Does anyone find the various varietals that start with the word pinot confusing? I certainly was, for many years.
They actually all are cousins originating from pinot noir, a grape that has unstable genes prone to mutations. Pinot meuniere is a red variant, often used in champagne and occasionally as a still wine similar in nose and palate to its progenitor. Pinot gris is a mutation that produces white wines, the grape known as pinot grigio in Italy. While gris and grigio are synonymous and the grapes identical, some classify them as different varietals, mainly because stylistically, the Italian expression of this grape, crisp, light, dry, is so different than elsewhere. This just adds to the confusion.
There is yet another mutation, that of pinot gris, which gives rise to a ubiquitous but often overlooked grape, pinot blanc. Grown all over the Old Word and New, pinot blanc is particularly known in the Alsace region of France, and in Germany/Austria where it is called weissburgunder, meaning white Burgundy, a reference to the French region where it was previously grown. Nowadays almost all white Burgundy is made of chardonnay, a grape that pinot blanc has often been confused with, the two looking quite alike on the vine.
Pinot blanc makes medium bodied wines with round flavors bordering on sweet, somewhat lighter bodied than chardonnay. Over the years I have tasted many pinot blancs in our weekly tastings but have never sought this wine out. It turns out I am not alone.
New York Times writer Eric Asimov, in an essay published recently (5/8/2014) summed it up well: “If it were possible to probe the collective consciousness of wine drinkers for their impression of pinot blanc, you would be left with little of consequence. Few love it, few hate it, few give it much thought. It’s not the dominant grape in any particular region.”
Be it as it may, every once in a while a bottle comes along that attracts notice. I recently came across the one you see in the photo, a 2012 Muri-Gries pinot bianco (as the grape is called in Italy), from Alto Adige, a northernmost appellation immediately south of Austria where the population is Germanic and so are most of the wines. A straw gold wine with a floral and yet chalky bouquet, it has a very floral, almost sweet entry reminiscent of viognier, full bodied yet crisp, with pear and apricot flavors, complex with a series of phases in the palate, clean and dry, with a pleasantly acidic, food friendly finish.
Wow!
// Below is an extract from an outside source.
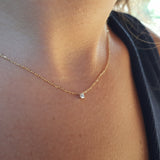 Dainty Floating Natural Diamond Solitaire Necklace – Minimalist Simple Tiny Diamond Pendant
What a refreshing break from the run of the mill.
Located in the Southern Tyrol, formerly a medieval castle, Muri-Gries has been a Benedictine monastery since the mid-1800’s, the imposing Germanic building in the picture above, making wine as have most monasteries since time immemorial. Its output is mostly a red (Lagren) and an assortment of whites common to the region.
Pinot bianco has some of its most unique expression in Italy, where it is extensively planted, mostly in northern regions like Alto Adige and Friuli, and vinified in a wide variety of styles. While still a second fiddle to pinot grigio in sales, it is worth looking for and experience.In a widely diversifying wine world where bland, industrial wines are increasingly common, a well crafted, rare gem is always a unique find.Searching and discovering such wines is half the fun, the surprise and delight of the experience the remainder.